1. a reference resource which provides information about words and their meanings, uses, and pronunciations. A dictionary may be published as a printed book, or as a digital product such as a website or app, and it may be monolingual, bilingual, or multilingual.
a. a book, website or other resource that lists words in one language and gives translations in another
2. a book, website or other resource which deals with a particular subject, providing the words, phrases, and terms used in that field, with information about their meaning and use
Origin and usage
The word dictionary comes from the Medieval Latin word ‘dictionarium’ meaning ‘a collection of words and phrases’; the Latin word ‘dictionarius’ means ‘of words’. It first appeared in English during the 1520s.

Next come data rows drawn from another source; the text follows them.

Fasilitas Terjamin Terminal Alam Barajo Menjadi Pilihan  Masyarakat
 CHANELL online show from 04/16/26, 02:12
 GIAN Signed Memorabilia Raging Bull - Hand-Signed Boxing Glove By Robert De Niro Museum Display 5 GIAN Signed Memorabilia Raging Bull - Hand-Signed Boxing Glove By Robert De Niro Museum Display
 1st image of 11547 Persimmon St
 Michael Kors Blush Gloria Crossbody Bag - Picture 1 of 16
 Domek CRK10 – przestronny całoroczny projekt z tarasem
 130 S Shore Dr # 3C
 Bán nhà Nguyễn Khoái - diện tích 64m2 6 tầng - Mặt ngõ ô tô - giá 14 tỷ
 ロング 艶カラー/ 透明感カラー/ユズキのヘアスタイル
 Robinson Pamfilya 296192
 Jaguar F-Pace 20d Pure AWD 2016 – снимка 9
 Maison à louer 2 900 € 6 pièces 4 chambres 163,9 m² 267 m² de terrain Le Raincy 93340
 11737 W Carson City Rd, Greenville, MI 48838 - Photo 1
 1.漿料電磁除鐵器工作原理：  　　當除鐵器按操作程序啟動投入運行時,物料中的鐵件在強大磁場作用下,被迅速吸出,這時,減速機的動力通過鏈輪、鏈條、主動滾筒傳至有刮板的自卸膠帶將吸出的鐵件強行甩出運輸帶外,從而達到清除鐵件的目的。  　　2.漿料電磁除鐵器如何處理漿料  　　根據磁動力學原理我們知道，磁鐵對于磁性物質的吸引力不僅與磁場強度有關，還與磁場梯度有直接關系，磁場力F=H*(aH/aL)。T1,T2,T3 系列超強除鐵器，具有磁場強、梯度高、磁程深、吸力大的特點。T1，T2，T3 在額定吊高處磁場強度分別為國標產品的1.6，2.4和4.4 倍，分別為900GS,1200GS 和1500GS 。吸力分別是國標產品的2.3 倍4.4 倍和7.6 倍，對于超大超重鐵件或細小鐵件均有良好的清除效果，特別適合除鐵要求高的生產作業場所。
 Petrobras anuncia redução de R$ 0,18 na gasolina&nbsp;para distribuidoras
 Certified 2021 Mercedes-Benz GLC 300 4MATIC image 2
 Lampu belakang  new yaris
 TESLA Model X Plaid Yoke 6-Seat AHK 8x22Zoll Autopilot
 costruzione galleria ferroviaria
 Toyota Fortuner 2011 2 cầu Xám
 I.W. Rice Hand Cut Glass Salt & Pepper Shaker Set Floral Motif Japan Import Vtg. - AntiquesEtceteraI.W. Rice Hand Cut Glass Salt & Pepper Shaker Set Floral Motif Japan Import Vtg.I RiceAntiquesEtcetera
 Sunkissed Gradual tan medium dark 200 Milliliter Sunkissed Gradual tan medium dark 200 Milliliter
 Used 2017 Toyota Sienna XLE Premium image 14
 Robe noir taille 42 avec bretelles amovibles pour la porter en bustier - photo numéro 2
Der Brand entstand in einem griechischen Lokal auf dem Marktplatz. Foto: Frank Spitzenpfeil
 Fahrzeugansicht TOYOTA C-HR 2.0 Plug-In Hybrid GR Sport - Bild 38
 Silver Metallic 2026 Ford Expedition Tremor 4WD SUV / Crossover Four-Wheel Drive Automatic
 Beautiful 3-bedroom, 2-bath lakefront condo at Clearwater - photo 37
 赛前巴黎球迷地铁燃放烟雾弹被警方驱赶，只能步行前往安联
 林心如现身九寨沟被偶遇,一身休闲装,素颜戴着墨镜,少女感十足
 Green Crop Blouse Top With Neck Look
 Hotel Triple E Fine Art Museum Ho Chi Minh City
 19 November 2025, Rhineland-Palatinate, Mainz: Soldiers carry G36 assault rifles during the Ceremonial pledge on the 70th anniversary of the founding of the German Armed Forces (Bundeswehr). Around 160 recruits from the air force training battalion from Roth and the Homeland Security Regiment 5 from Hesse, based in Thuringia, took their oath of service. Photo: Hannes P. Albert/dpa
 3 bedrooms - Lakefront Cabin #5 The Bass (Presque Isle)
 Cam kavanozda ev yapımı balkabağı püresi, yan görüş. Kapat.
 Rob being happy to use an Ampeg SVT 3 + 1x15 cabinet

The word dictionary refers to a printed book or a website or app that is used as a resource to help people determine the proper spelling, definition, and usage of a word. Printed dictionaries can be found in libraries, schools, offices, and homes all over the world.
There’s an old yet little-known tradition among dictionary and other reference book editors known as the ‘fake entry’.
For years, the fake entry has been a way for these editors to prevent plagiarism. Because facts – like dictionary definitions and encyclopaedia entries – cannot be legally copyrighted, editors often include a single, deliberately false entry somewhere within the pages of their books. If they should someday see that false entry in another publication, they’ll know their work has been copied without their permission.
“Words – so innocent and powerless as they are, as standing in a dictionary, how potent for good and evil they become in the hands of one who knows how to combine them.”